The treadmill can be a highly effective piece of gym equipment when it comes to getting fitter, burning calories and improving your aerobic performance but, surprisingly, it can also be used to build muscle. You won't suddenly develop thunder thighs, but you can build lean muscle and sculpt sexy legs using the treadmill. The secret is treadmill hill sprints.
Setting Up The Treadmill
You need a proper warm-up before increasing the incline and intensity, so prepare the treadmill for five minutes of fast walking and do some dynamic movements, such as squats and lunges. To begin with, set your incline to a 3 to 5 percent, recommends personal trainer Joe Dowdell, owner of Peak Performance in Manhattan.
Treadmill hill sprints are tough, so you won't be able to sustain maximum effort for very long. The American Council on Exercise advise a work-to-rest ratio of two to three minutes rest for every minute of work. Perform your high intensity period for 30 to 60 seconds at an effort level of at least seven on a scale of one to 10. For your rest periods, drop the treadmill speed and work at an effort level of four to five for one to three minutes. Aim to complete as many intervals as you can in 20 to 30 minutes.

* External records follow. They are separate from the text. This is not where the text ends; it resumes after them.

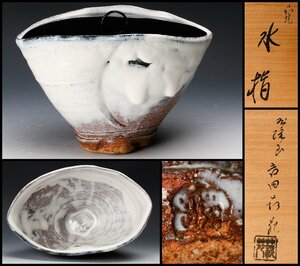 【佳香】吉田萩苑 玉隆山窯 幅27cm 萩焼水指 共箱 共布 栞 塗蓋 作陶展DM 茶道具 本物保証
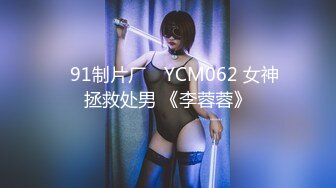 《母子乱伦》和妈妈的最新进展 答应蒙住眼在宾馆等我了好激动！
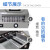 5090电动重型程控切纸机双液压图文标书相册裁纸机前锋五豪 4680重型电动切纸机(8cm)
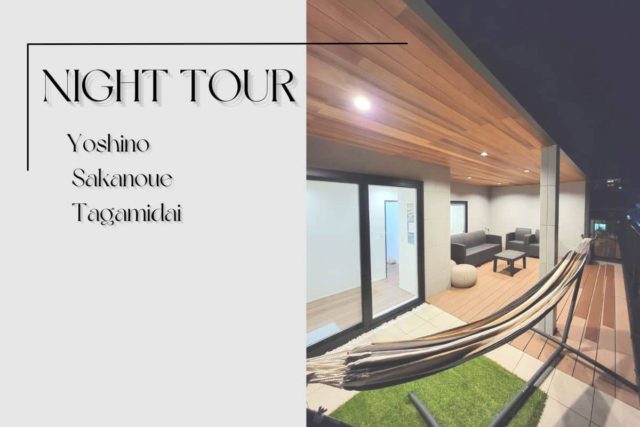 鹿児島市ですぐ住めるお家見学会　Night Tour　照明・カーテン・エアコン2台・家具・外構　住宅設備10年保証付き | 万代ホーム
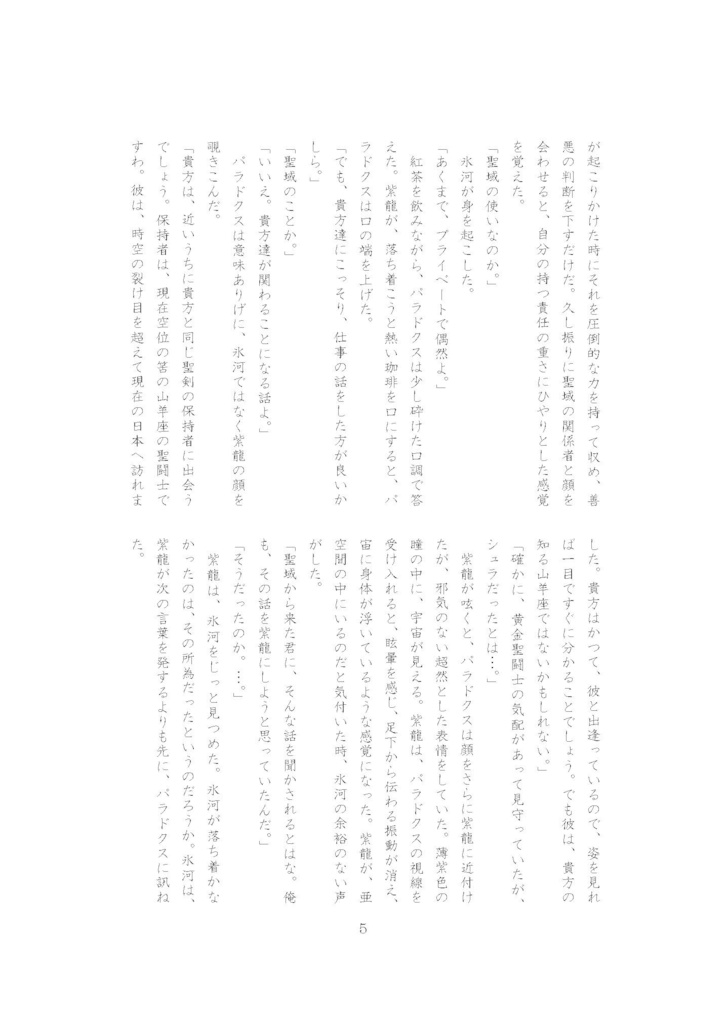 極東行アルビレオ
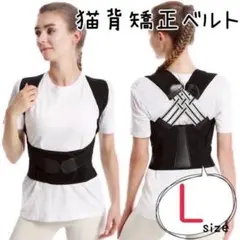 猫背矯正 姿勢サポーター 姿勢ベルト 背筋 肩甲骨 補正 着脱簡単 男女兼用 L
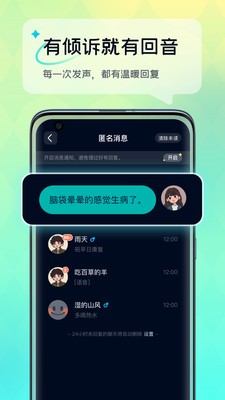 回音树洞 截图3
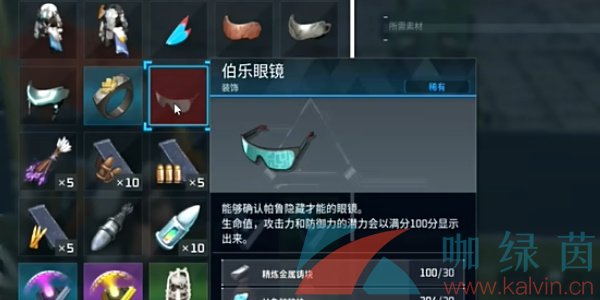 《幻獸帕魯》伯樂眼鏡獲取方法
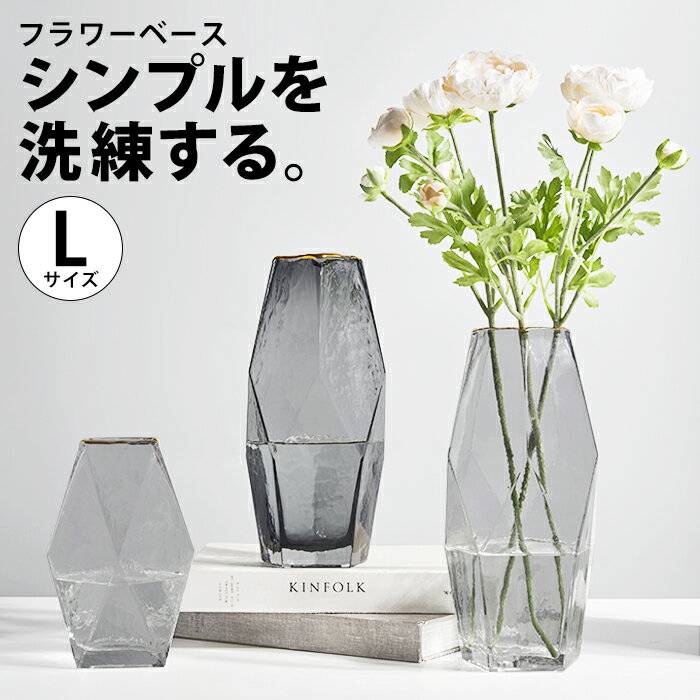 花瓶・フラワーベース】おしゃれで大きい、大人モダンな花瓶・ガラス製 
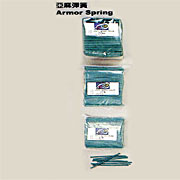 Armor Spring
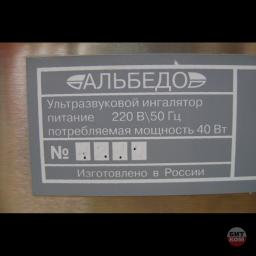 Альбедо Ингалятор ультразвуковой стационарный ИН-7 2
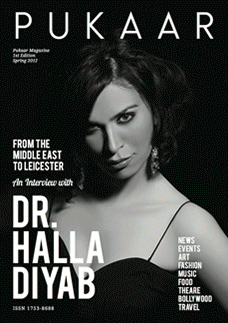 Pukaar Magazine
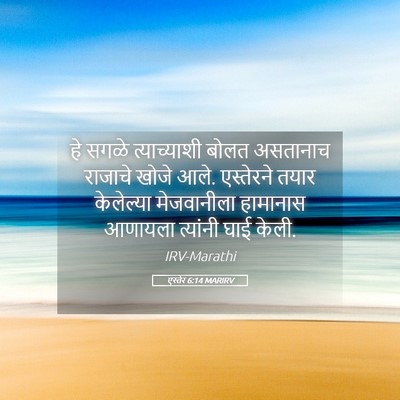 Picture 05 - एस्तेर 6:14 MARIRV - हे सगळे - Bible Verse Picture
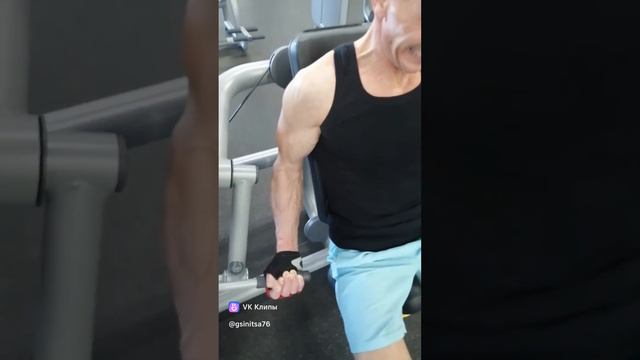 Тренер Григорий 🏋️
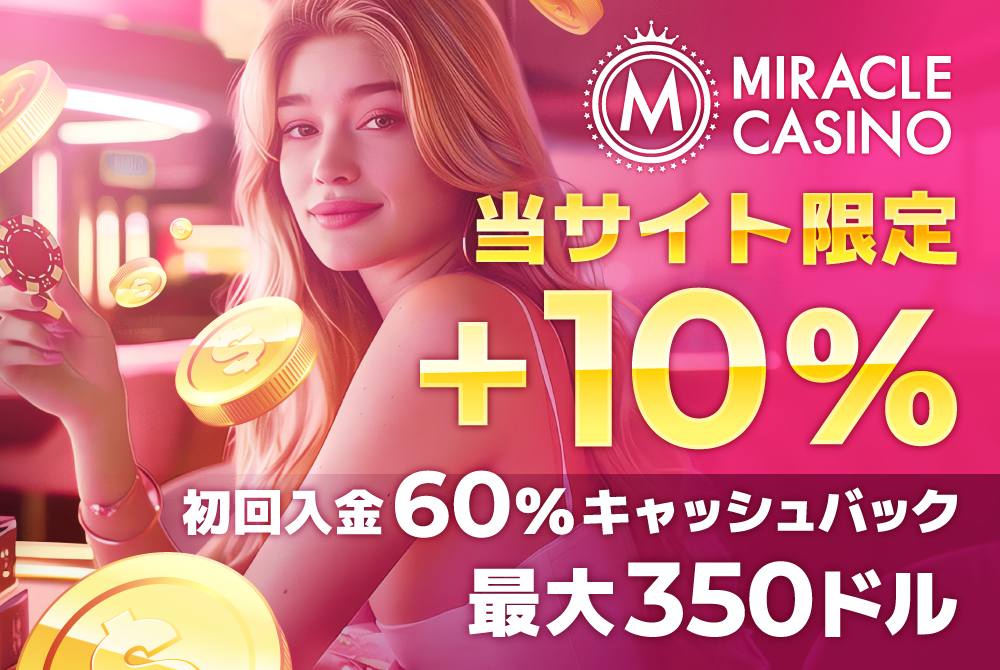 ミラクルoncasy限定ボーナス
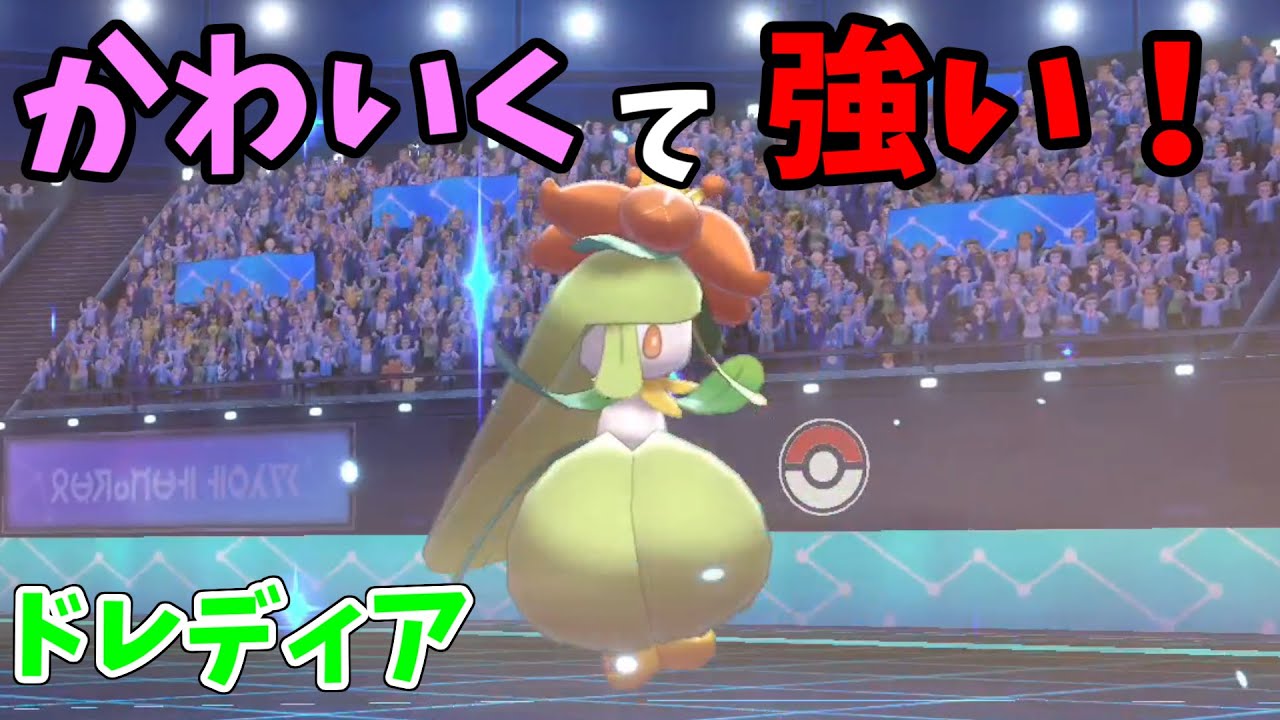 かわいいドレディアの超パワーに惚れました ポケモン剣盾 Youtube
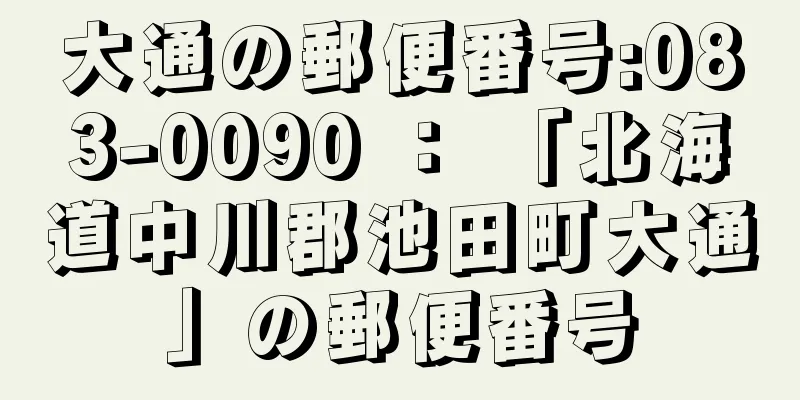 大通の郵便番号:083-0090 ： 「北海道中川郡池田町大通」の郵便番号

Unless you're a complete gym beginner, hill sprints alone are unlikely to result in the kind of significant muscle gain that makes legs curvy and shapely. You can either perform treadmill hill sprints once or twice a week along with two to three strength-training sessions focused on your lower body or mix strength work in with your intervals. To do this, sprint on an incline for 30 to 60 seconds, slow the treadmill down, move onto the floor and perform a set of body-weight squats or dumbbell lunges and repeat this process five to 10 times.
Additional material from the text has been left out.